Voice Over IP is not always easy under a Virtual Private Network.

A VOIP VPN combines voice over IP and virtual private network technologies.

Because VOIP transmits digitized voice as a stream of data, the VOIP VPN solution accomplishes voice encryption.

The VOIP gateway-router first converts the analog voice signal to digital form, encapsulates the digitized voice within IP packets, then encrypts the digitized voice using IPsec, and finally routes the encrypted voice packets securely through a VPN tunnel.

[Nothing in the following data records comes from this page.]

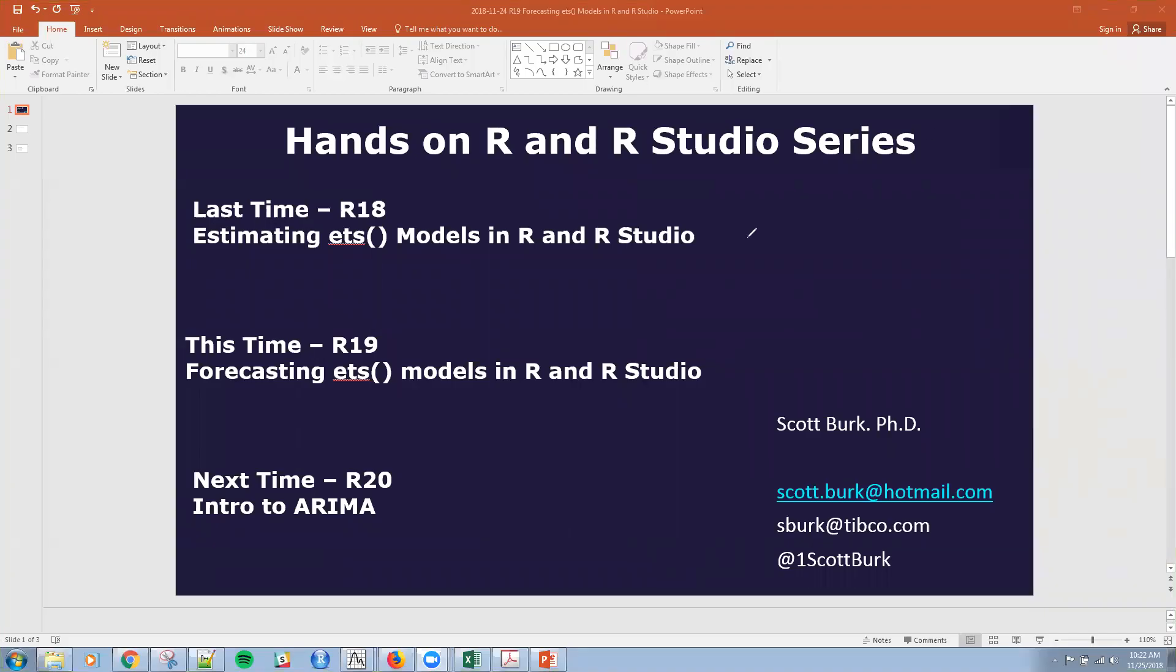Hello, this is Scott. Continuing on with our R and R Studio series, specifically forecasting and time series in R.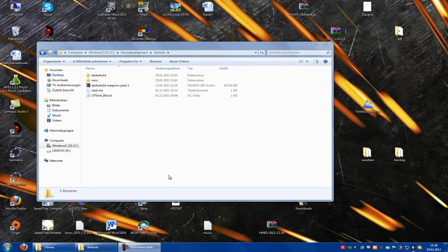Hello guys and welcome to a new UDK tutorial. Today I will show you how to make projectiles. You need the Dark Art 3D weapon pack, a 3D weapon mesh, a skeletal mesh, and a 3D weapon animation. How you can do this I will show in another tutorial, so go to my UDK custom weapon tutorial or to my UDK ironside tutorial.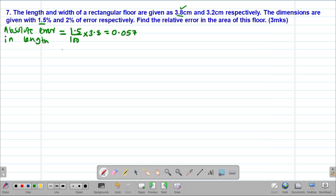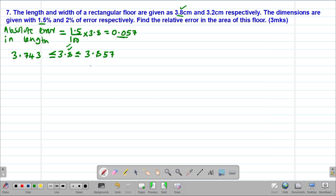Therefore we can get the limits within which this particular length existed. The actual length was 3.8 centimeters. The maximum possible length will be 3.8 plus 0.057, which gives us 3.857. To get the minimum possible length, we take 3.8 minus 0.057, which gives us 3.743. Therefore these are the limits within which our length existed.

At the remote site, another VoIP router decodes the voice and converts the digital voice to an analog signal for delivery to the phone.

A VOIP VPN can also run within an IP in IP tunnel or using SSL-based OpenVPN.

There is no encryption in former case, but traffic overhead is significantly lower in comparison with IPsec tunnel.

The advantage of OpenVPN tunneling is that it can run on a dynamic IP and may provide up to 512 bits SSL encryption.

What is good about it:


Security is not the only reason to pass Voice over IP through a virtual private network.
Session Initiation Protocol, a commonly used VoIP protocol is notoriously difficult to pass through a firewall because it uses random port numbers to establish connections.

A VPN is also a workaround to avoid a firewall issue when configuring remote VoIP clients.

Some VOIP standard STUN, ICE and TURN eliminate natively some NAT problems of VOIP.

What is not good:



The protocol overhead caused by the encapsulation of VoIP protocol within IPSec dramatically increases the bandwidth requirements for VOIP calls.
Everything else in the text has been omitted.